___ Source material

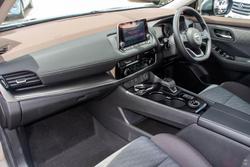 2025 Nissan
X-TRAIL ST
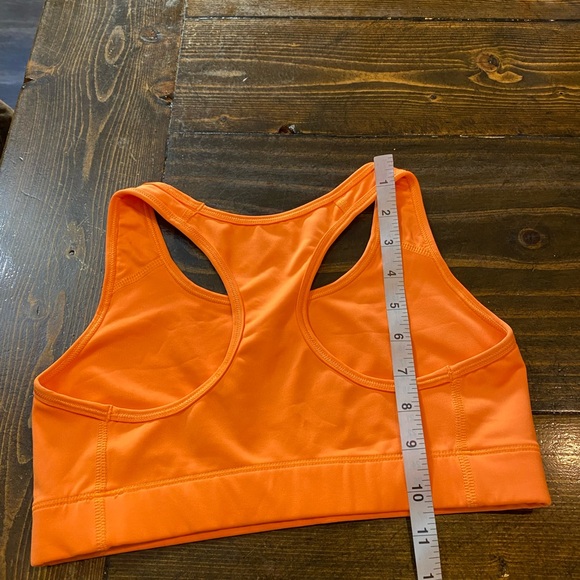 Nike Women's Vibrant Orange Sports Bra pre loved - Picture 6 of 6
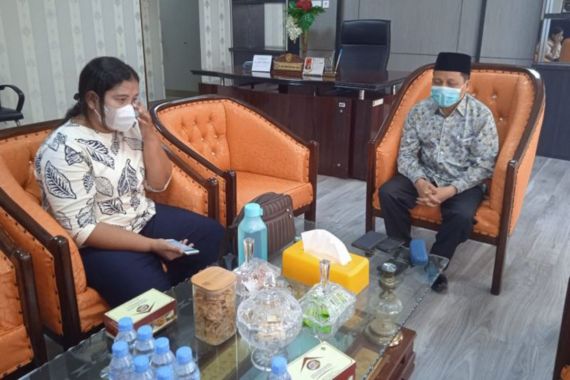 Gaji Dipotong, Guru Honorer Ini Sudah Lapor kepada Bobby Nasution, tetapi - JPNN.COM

______

Reproduce all of the data exactly, omitting each picture it holds.

 2025 Nissan
X-TRAIL ST
 Nike Women's Vibrant Orange Sports Bra pre loved - Picture 6 of 6
 Gaji Dipotong, Guru Honorer Ini Sudah Lapor kepada Bobby Nasution, tetapi - JPNN.COM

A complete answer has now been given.